I find it odd that this essay focuses on Florida even as it admits that Florida is better than many other states and has improved recently thanks to De Santis.
Right? The author even says Florida has "relatively stringent oversight." And Florida clearly made reforms in response to abuse of the system. So why make the headline about Florida, and not guardianship abuse generally?
I don't recall which state it is- Missouri, maybe?- but there's an ongoing issue with guardians ad litem for children and a pay-to-play scheme. The allegation is that court appointed GALs are shaking down parents for favorable reports to the court. And I'm sure there are countless other cases of guardianship abuse throughout the country. This isn't a Florida thing.
It's a difficult issue. Some people are incompetent to handle their own legal affairs and need a guardian, but any system that gives people money and power is ripe for abuse.
I live in New Jersey where I was declared mentally incompetent several years ago. I have a court appointed lawyer in charge of my medical decisions and finances. It sucks.
There's court oversight, but it's insufficient. The court hearing that resulted in my incompetent status lasted a couple of minutes. The judge asked me if I had anything to say for myself. I told him that some of the accusations made against me in the petition for incompetency where false. The judge said, "They aren't accusations, they are assertions," and then ruled that I was incompetent.

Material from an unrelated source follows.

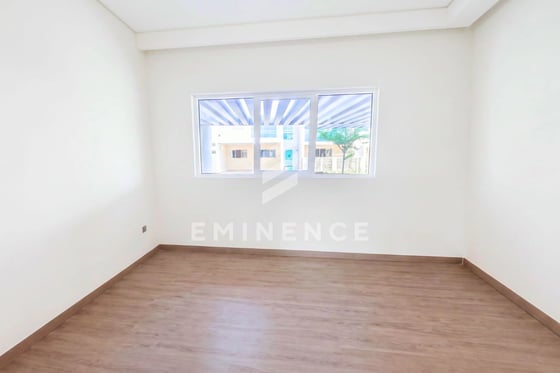 Single Row | Close to Lagoon | Ready to Move In, picture 6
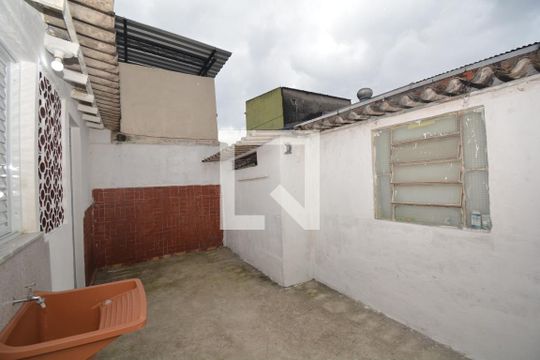 Área de Serviço de kitnet/studio para alugar com 1 quarto, 50m² em Inhauma, Rio de Janeiro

If I was actually accused of a crime, I would get months of a trial, and my lawyer would cross examine accusers, but because it is a mental health matter, the accusations made against me were just written up and given to the judge without anyone taking a witness stand.

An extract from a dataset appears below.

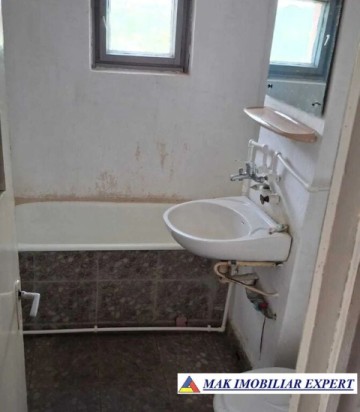 apartament-cu-2-camere-confort-1-et-2-apa-sarata-campulung-muscel-arges-6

Curious as to who sought to have you declared mentally incompetent.
Me too... and why.
Welcome to libritarian ism.
See, we can still get good reporting here. As long as there's no Democratic or Republican side to the issue. [Gulp]...is there?
Read also Rachel Aviv's reporting about Nevada's guardianship program:
https://www.newyorker.com/magazine/2017/10/09/how-the-elderly-lose-their-rights
It stands out even among Aviv's other often-painful reporting...

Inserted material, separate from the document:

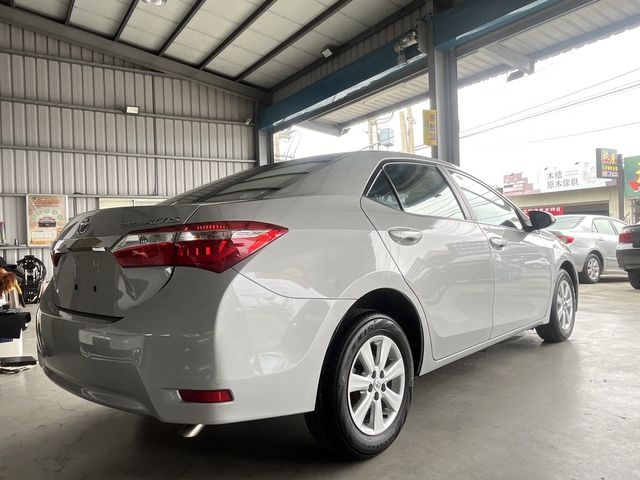 TOYOTA豐田 ALTIS  第4張相片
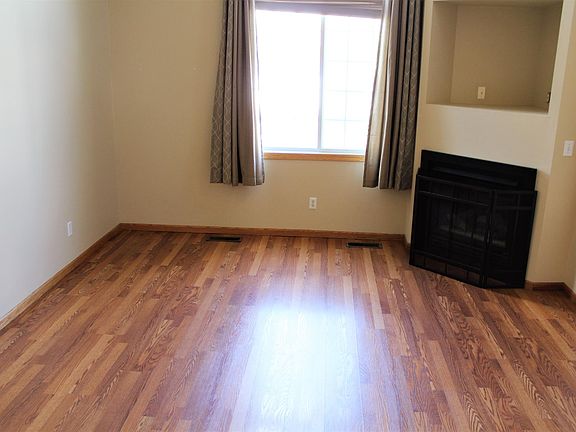 3rd image of 3053 Juniper Ln Unit E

Absolutely chilling and a shame that it's happened to anyone. I can understand why such a system would be in place, but it needs better regulation.. Thanks for bringing this to light.
Thanks for your beyond belief blogs stuff. looking for a Accountant Bedford
Impressive article. It's actual journalism with data and facts just like you could occasionally read 40 or 50 years ago. I'm guessin' CJ didn't do J School at Columbia.